WHAT THIS TASK INVOLVES
Using the data that follows, give again word for word the lines between the one holding "MAXAWY BBQ Grill" and the one holding "Collage de recyclage", inclusive. Omit the pictures.

== LISTED RECORDS ==

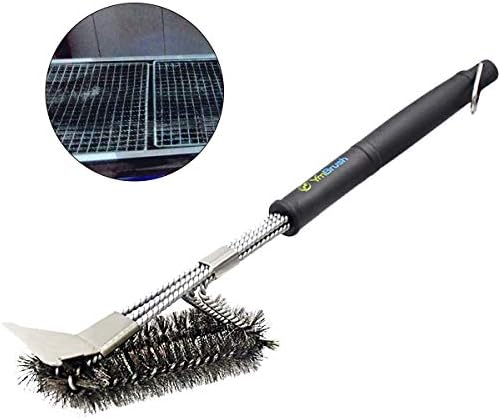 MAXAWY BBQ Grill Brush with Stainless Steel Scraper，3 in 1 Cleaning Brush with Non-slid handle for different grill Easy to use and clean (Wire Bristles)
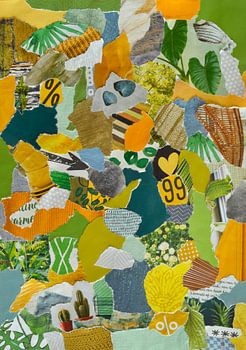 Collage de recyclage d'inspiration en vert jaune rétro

===
== LISTED RECORDS ==

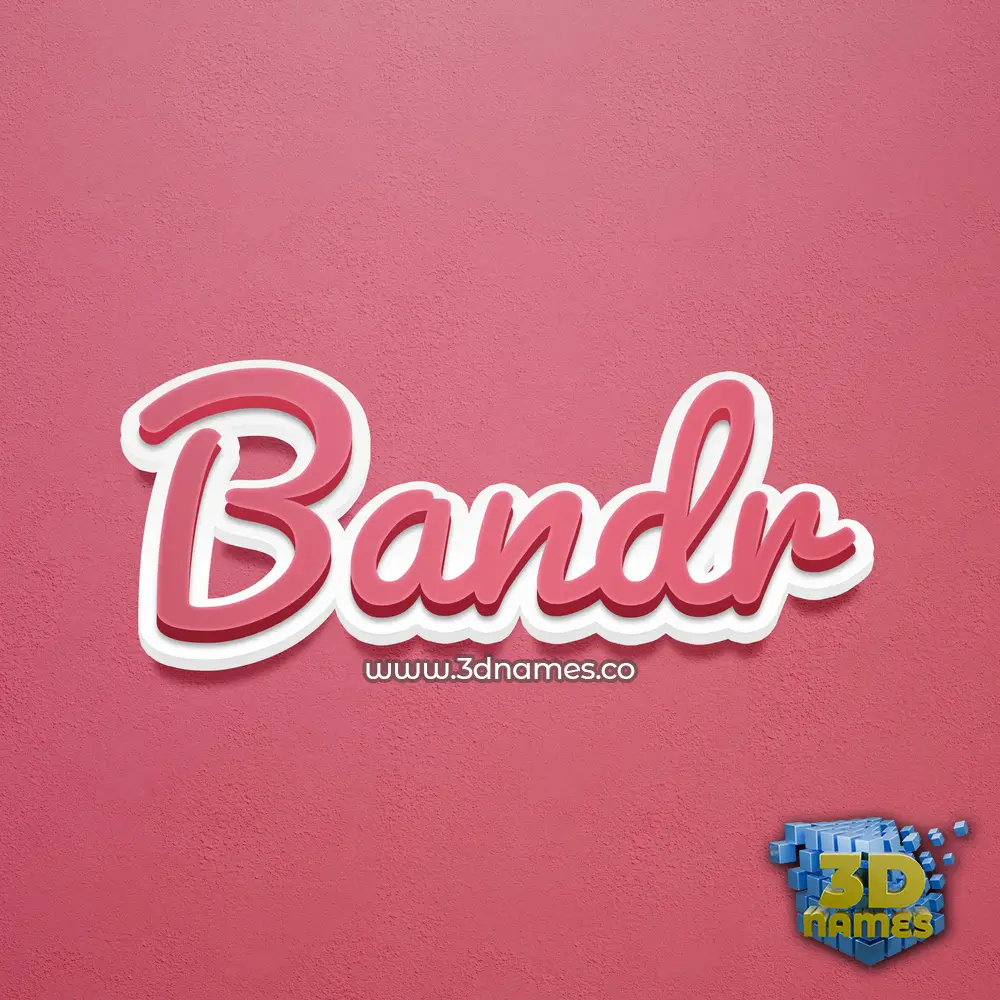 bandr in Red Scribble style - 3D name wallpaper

===

ANSWER BOX
 MAXAWY BBQ Grill Brush with Stainless Steel Scraper，3 in 1 Cleaning Brush with Non-slid handle for different grill Easy to use and clean (Wire Bristles)
 Collage de recyclage d'inspiration en vert jaune rétro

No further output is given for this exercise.